A few weeks back I had asked the question if anyone had any experience in Goldl eaf guiding. My wife had purchased an old mirror from one of the antique shops in town (no, it wasn’t an antique) We liked the look of the old mirror, it had a lot of charictor, but the frame was very beaten up and not very stable. After I had set up my new equipment, she asked the first project be a new frame for the mirror. Now bear in mind that I have never built any sort of picture frame much less one that would have to hold a heavy mirror. I agreed.

When I took the old frame apart, I was suprised to find out that it was actualy in two parts. It had the beat up outer frame and an smaller inner frame. I wanted to keep the inner frame and was strongly considering guilding it with the gold leaf. I even went so far as to have my wife pick up a kit.

I decided that in order to bear the weight of the mirror I would have to use some 8/4 stock I had on hand and I looked through my stack of Cherry to find some that matched in tone. I came up lucky and found some good matches.

I cut the main body from the 8/4 and beveled and routed the edges to profile. I couldn’t get the exact profile I was looking for so I went pretty simple and ended up cleaning up a lot of it by hand with planes and scrapers.

After staining the frame, it was a Minwax special (what I hand on hand from a few earlier projects) It was a good base of Cherry stain, then a light rub down with Red Mahogany to give it a little more of an aged look to match the rest of the Dinning room furniture.

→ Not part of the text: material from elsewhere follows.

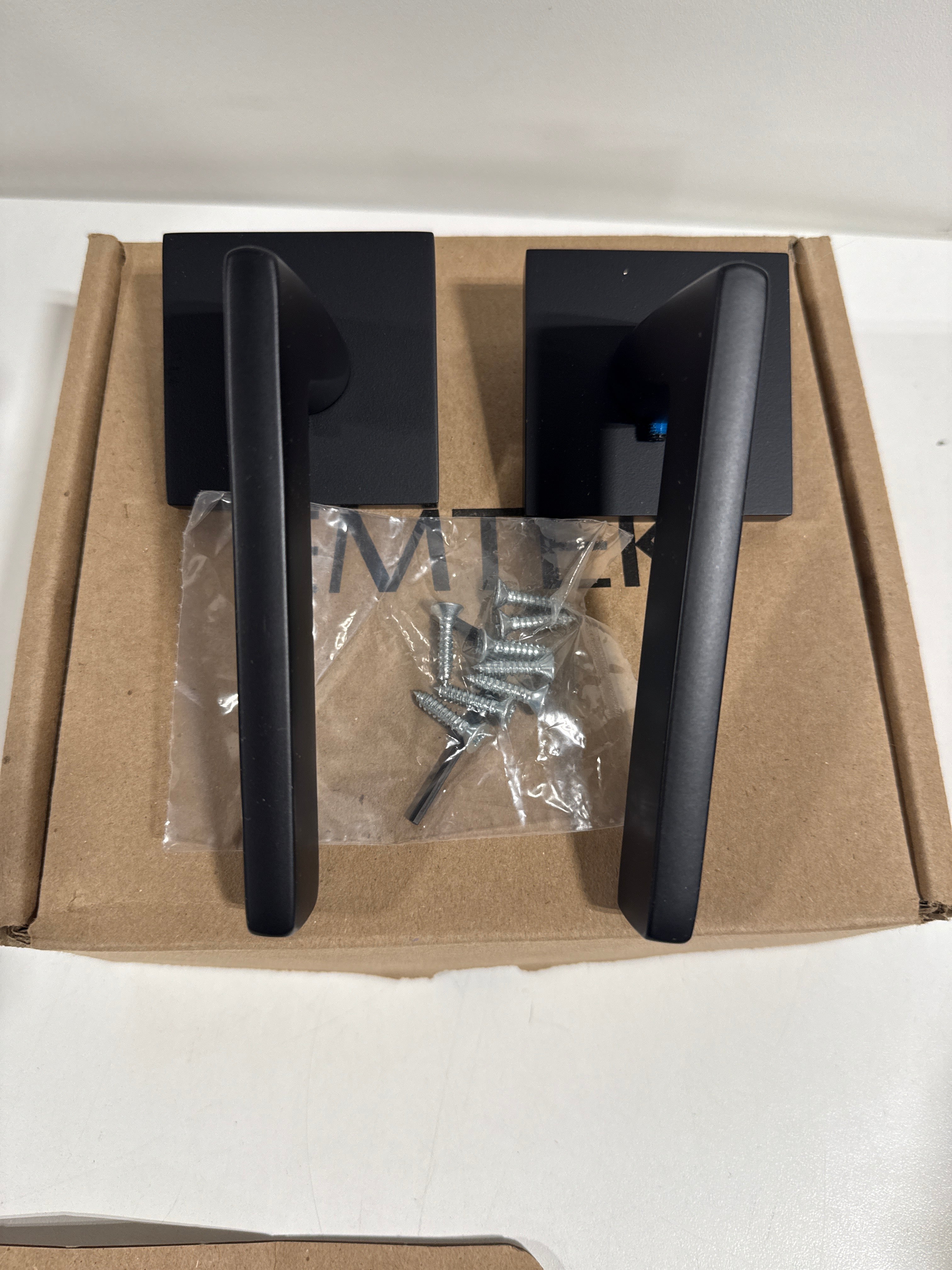 Emtek Helios Right Handed Non-Turning Two-Sided Dummy Door Lever Set with Square Rose - *Tools Hardware & Misc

I came pretty darn close on the color. The one step I wish I had not skipped is sealing the wood before staining. There is some minor blotching.

After getting the stain sealed off with some wipe on poly, I went ahead and installed the mirror. I was having reservations on the gold leaf. I thought it may be too bright for the frame and not look as balanced in the room.

I completed attaching the hanger chain this afternoon. I started off using a plastic coated braided wire but it seemed a too light for the weight, I would estimate mirror and frame comes in at over 40lbs, so I went back to the original frame and removed the chain that it hung on before. Over all, it turned out pretty well. The wife is happy, and that is the important thing.

-- Greg - Charles Town, WV

13 comments so far

View TomFran's profile


2942 posts in 2626 days

#1 posted 2334 days ago

Beautiful job, Greg! It looks great.

-- Tom, Surfside Beach, SC - Romans 8:28

View Peter Oxley's profile

Peter Oxley

1426 posts in 2506 days

#2 posted 2334 days ago

I bet she’s happy! That looks great!

-- -- --

View GaryK's profile


10262 posts in 2620 days

#3 posted 2334 days ago

That’s a great looking job. Good deal saving the inner trim.

-- Gary - Never pass up the opportunity to make a mistake look like you planned it that way - Tyler, TX

View Scott Bryan's profile

Scott Bryan

27251 posts in 2454 days

#4 posted 2334 days ago

Hi Greg,

You put together a gorgeous frame that I am sure your wife loves.

thanks for the post.

-- Challenges are what make life interesting; overcoming them is what makes life meaningful- Joshua Marine

View cajunpen's profile


14378 posts in 2697 days

#5 posted 2334 days ago

Beautiful frame Greg – it’s always good when Momma is happy.

-- Bill - "Suit yourself and let the rest be pleased."

View Grumpy's profile


19392 posts in 2483 days

#6 posted 2333 days ago

Great job Greg. No point in getting 7 years bad luck for breaking a good mirror is there.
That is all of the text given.